La trasposizione di un capolavoro della letteratura è una scommessa difficilissima; ben che vada, si riesce a restituire un frammento della grandezza dell’opera originaria. Più si è fedeli, maggiore è il rischio di un bignami recitato; più ci si scosta, maggiore è il rischio di deturparne la grandezza. “L’idiota” di Kurosawa è l’eccezione a questa regola.
E tanto maggiore era la sfida, quanto più si considera che “L’idiota” di Dostoevskij è un’opera che ruota attorno a una figura immobile, “perfettamente bella” dall’inizio alla fine, a contatto con la quale sono gli altri ad essere messi alla prova, turbati e stravolti.
Ne “L’idiota” di Kurosawa la fedeltà al romanzo è grandissima pur nella ricreazione. La sceneggiatura è miracolosamente in grado di comprimere in circa tre ore (a seconda delle versioni) l’essenza di un romanzo di 600 pagine senza smarrirne nulla.
“L’idiota” rinasce nell’isola di Hokkaido, sotto una continua tempesta di neve. Negli interni di queste dimore borghesi hanno luogo alcune delle scene dostoevskiane fatte di dialoghi infinitamente protratti, vibranti, tesi al massimo dello spasimo fino al rivolgimento dei caratteri e allo svelamento di verità inaudite. Nastas’ja, Rogozin, Myskin, Aglaia. “L’idiota” ha un intreccio di base talmente forte da non uscire sminuito dalla riduzione alle vicende di questi quattro personaggi principali.

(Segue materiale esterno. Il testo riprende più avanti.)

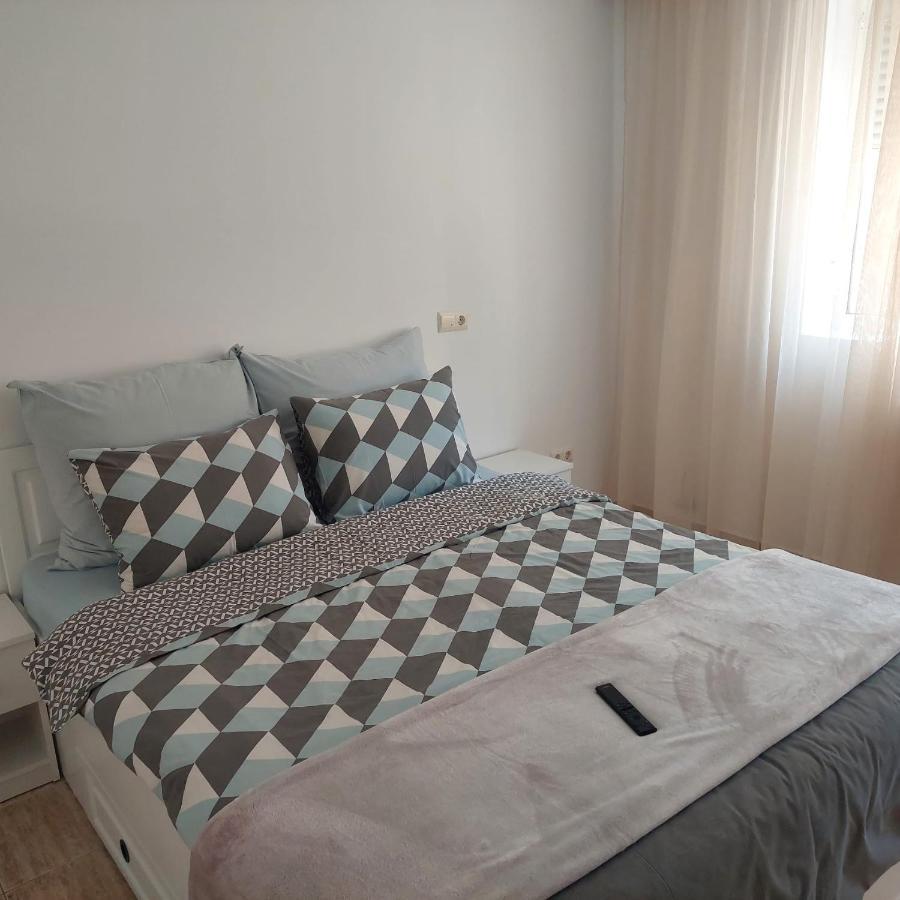 Apartament Casa Dia 1 سيبيو المظهر الخارجي الصورة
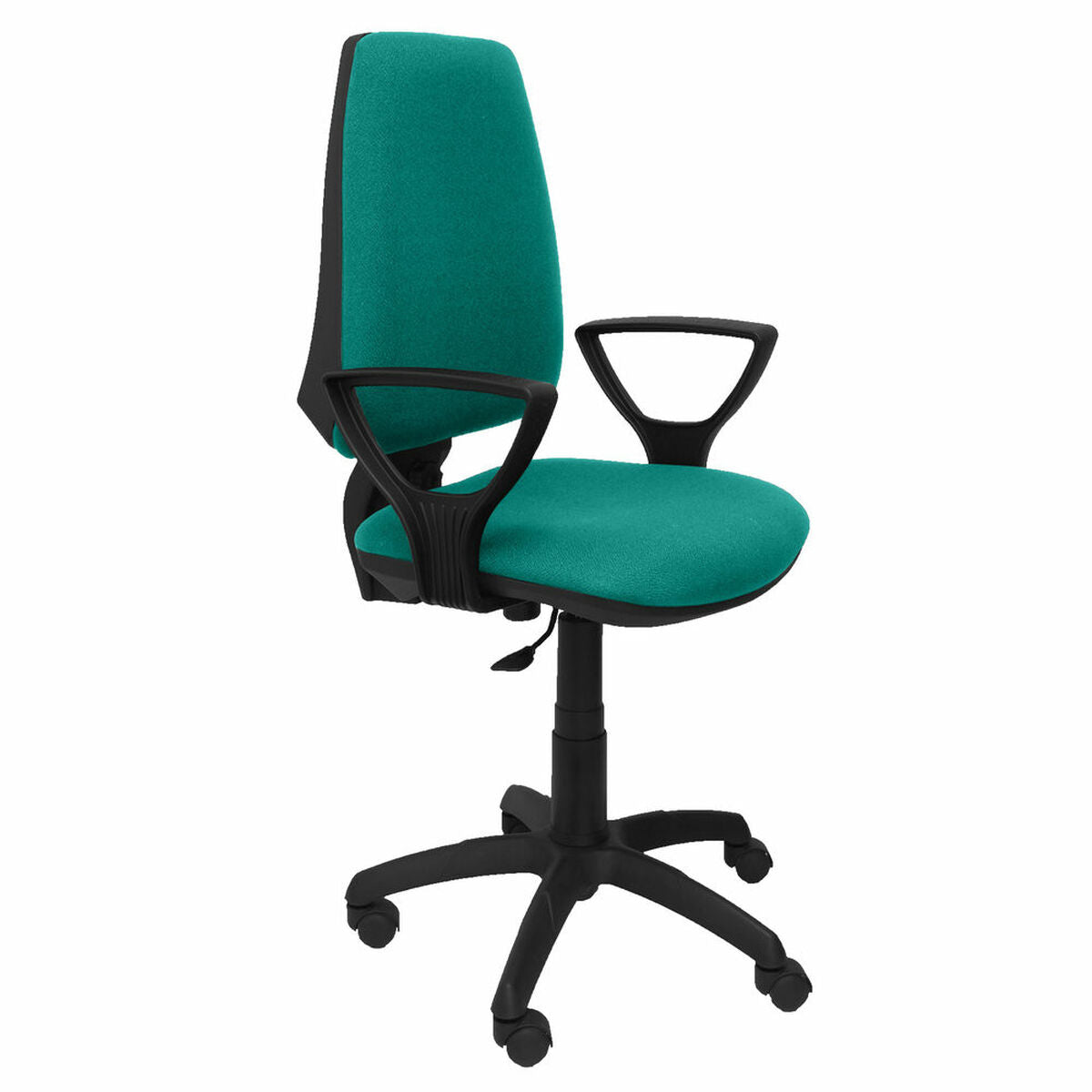 8436549399817 - Bürostuhl Elche CP Bali Piqueras y Crespo 39BGOLF türkis 8436549399817 - Bürostuhl Elche CP Bali Piqueras y Crespo 39BGOLF türkis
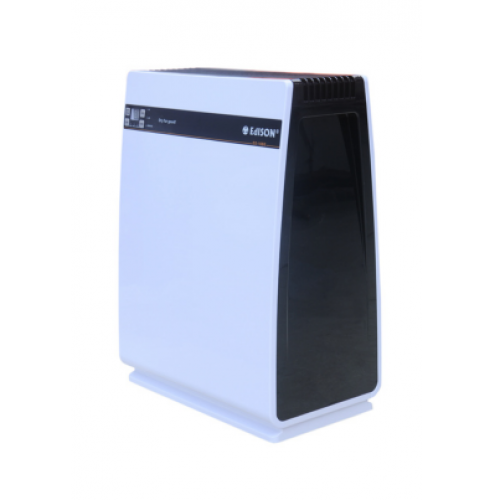  MÁY HÚT ẨM EDISON ED-16BE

La neve in cui Kurosawa ha deciso di immergere la vicenda (abbandonando le calde estati dei suoi lavori precedenti) ben fa da correlativo oggettivo al ghiaccio che paralizza il calore del cuore e i sentimenti: ed è una scelta felice, anche perché si immaginano le vicende del romanzo ambientate in analoghi inverni oltremodo gelidi, a San Pietroburgo.
Masayuki Mori che interpreta Myskin ha un particolare modo di trattenersi il bavero della giacca, con le braccia rattenute in una costante tensione che le blocca in una posizione di continua partecipazione emozionale a ciò che avviene attorno a lui.

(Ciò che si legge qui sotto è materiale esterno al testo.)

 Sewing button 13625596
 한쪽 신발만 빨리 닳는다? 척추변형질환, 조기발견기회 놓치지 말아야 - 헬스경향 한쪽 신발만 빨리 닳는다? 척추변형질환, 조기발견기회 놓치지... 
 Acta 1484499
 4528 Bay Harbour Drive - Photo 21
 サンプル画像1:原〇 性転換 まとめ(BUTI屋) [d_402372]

Un giovane Toshiro Mifune dona a Rogozin l’istintualità dei gesti e il lampo di fuoco nello sguardo che lo rendono indimenticabile in questo ruolo, forse addirittura il migliore fra tanti straordinari.

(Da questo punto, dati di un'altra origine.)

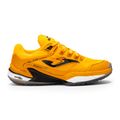 Мъжки обувки за падел Joma Slam OM mustard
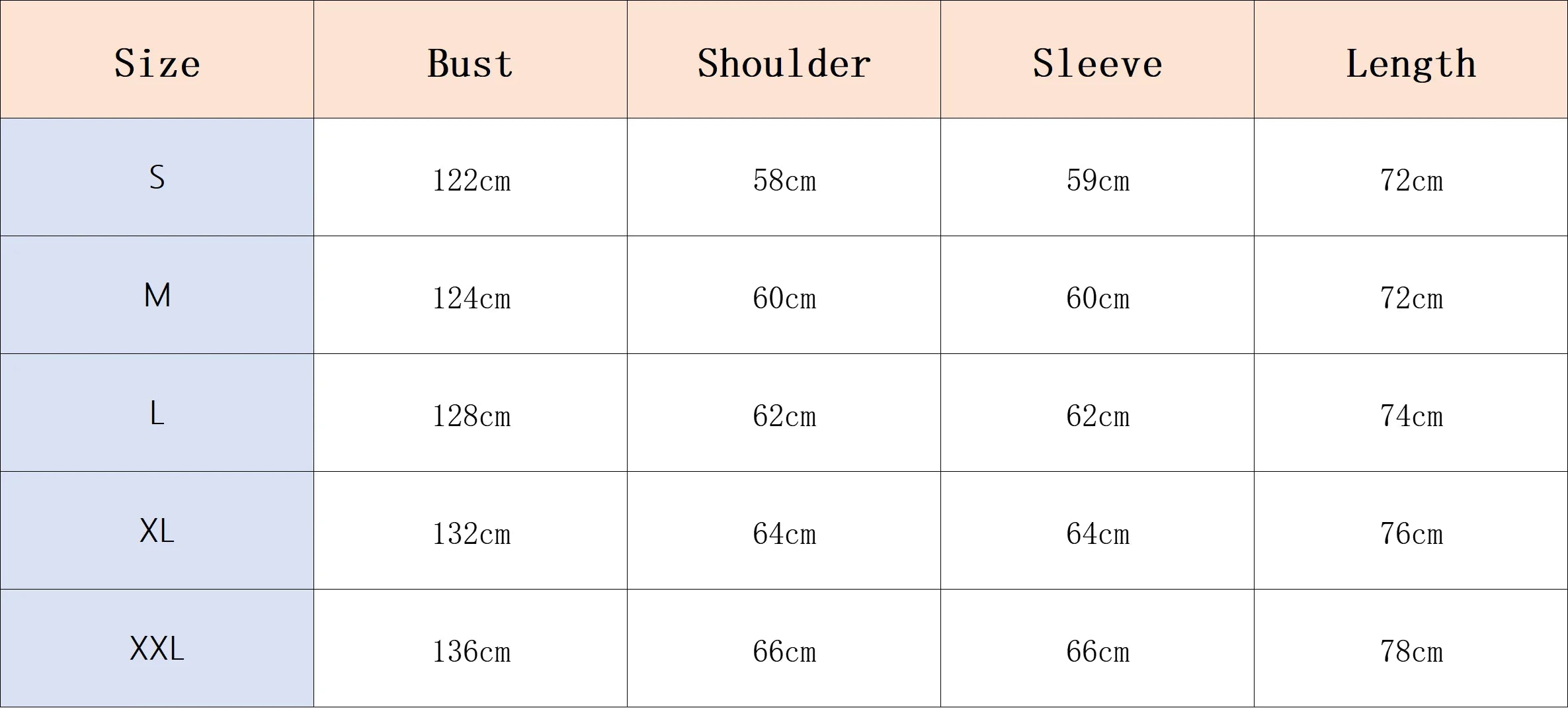 2025 New Men Clothing Tracksuit Hoodie Solid Color Warm Sweater Loose Oversized Sports Suit Pullover Pink Street Fashion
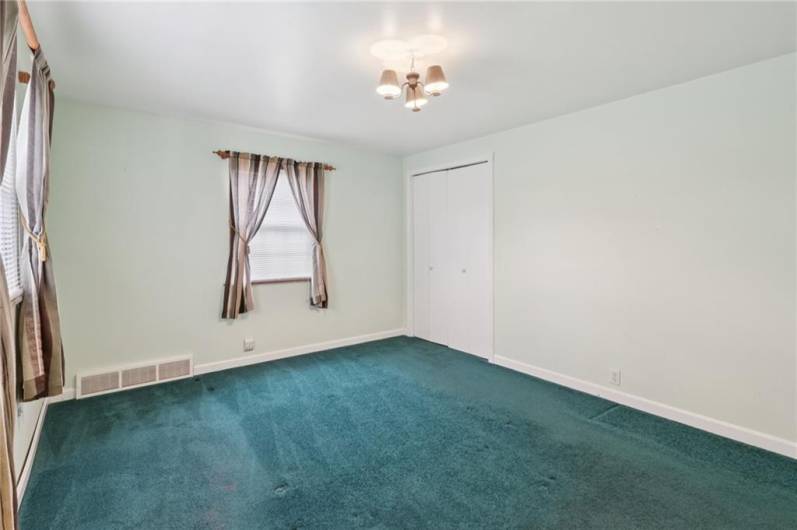 714 Colonial, Apollo, PA 15613, 4 Bedrooms Bedrooms, 10 Rooms Rooms,1.1 BathroomsBathrooms,Residential,For Sale,Colonial,1711727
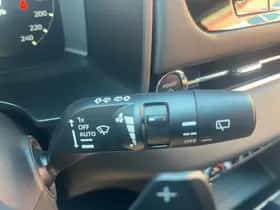 Mitsubishi Outlander (2026) thumbnail 27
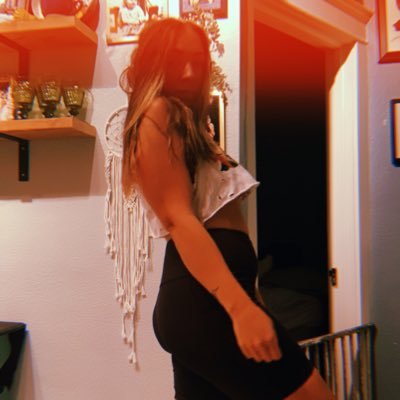 steviepadg's profile picture. not that cool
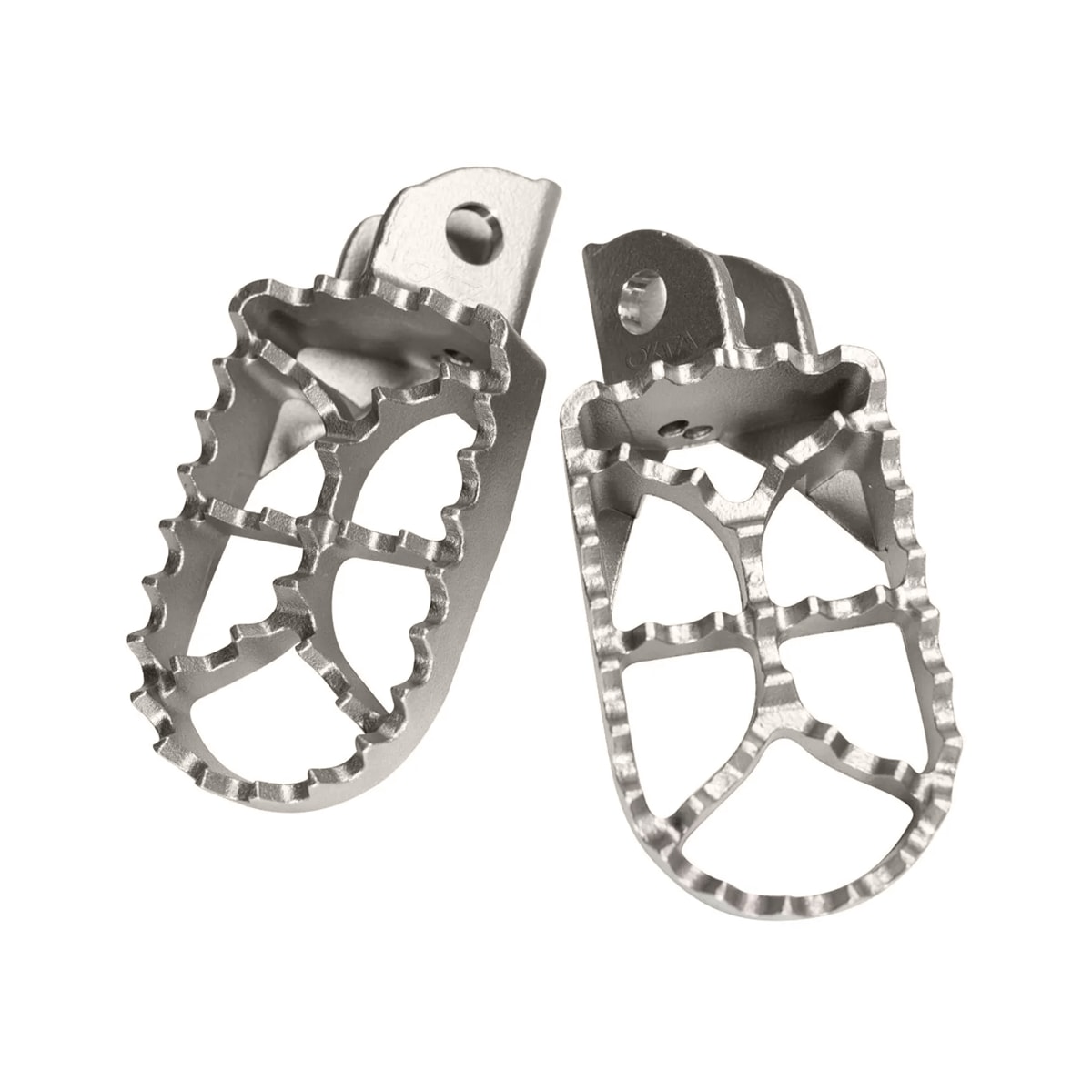 Image em miniatura da foto do produto - da091de7-a7be-4fe4-bf08-b6ee2d55c90b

Molto felice la scelta di fare di Myskin quasi un alter ego di Dostoevski, legando a lui l’aneddoto (che appartiene alla biografia dello scrittore) di esser stato salvato in extremis dalla pena capitale.
“L’idiota” è un film molto parlato, che possiede alcuni momenti altissimi in cui a parlare sono le immagini, in quei silenzi che permettono alle evoluzioni avvenute attraverso i dialoghi di addensarsi entro l’animo dello spettatore; per poi riprendere a farsi svelare la vicenda dai volti sempre intensi ed espressivi degli strepitosi interpreti (compreso quello di Myskin, necessariamente fisso in quasi una sola espressione dominante).